== GOAL OF THE EXERCISE ==
Transcribe only the lines in the data below falling between the line with "SEINTEX Ворсовые 3D" and the line with "DRIVE TRAIN JACKSHAFT", including those two lines, and leave out any picture.

== RECORD EXTRACTS ==
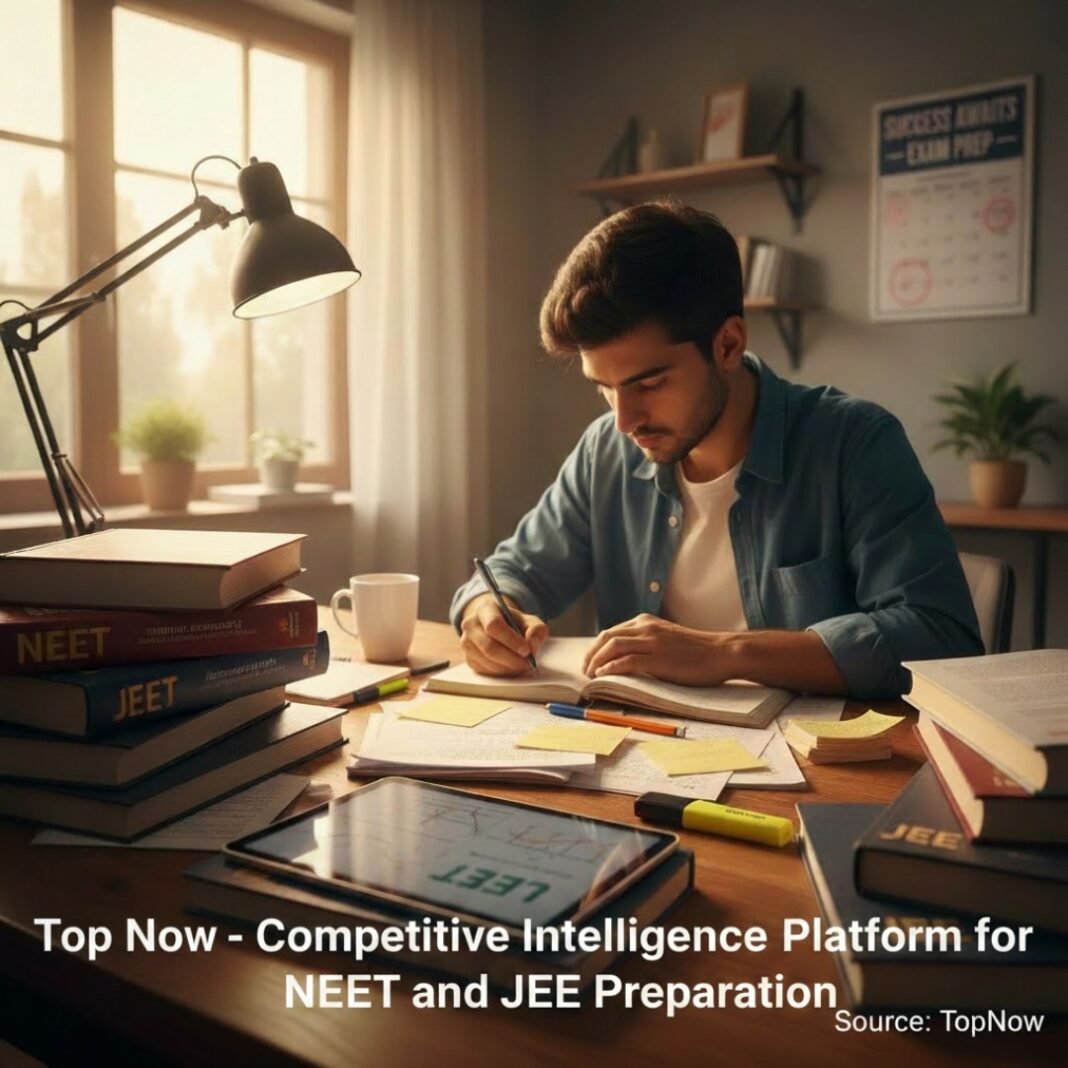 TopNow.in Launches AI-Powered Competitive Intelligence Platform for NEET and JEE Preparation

---

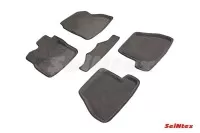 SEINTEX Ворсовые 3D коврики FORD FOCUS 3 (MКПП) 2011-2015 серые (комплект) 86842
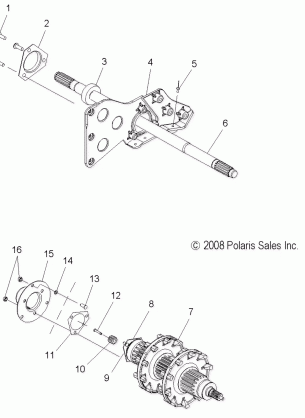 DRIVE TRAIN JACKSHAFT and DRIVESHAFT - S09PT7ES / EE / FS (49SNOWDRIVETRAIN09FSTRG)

== RESULT ==
 SEINTEX Ворсовые 3D коврики FORD FOCUS 3 (MКПП) 2011-2015 серые (комплект) 86842
 DRIVE TRAIN JACKSHAFT and DRIVESHAFT - S09PT7ES / EE / FS (49SNOWDRIVETRAIN09FSTRG)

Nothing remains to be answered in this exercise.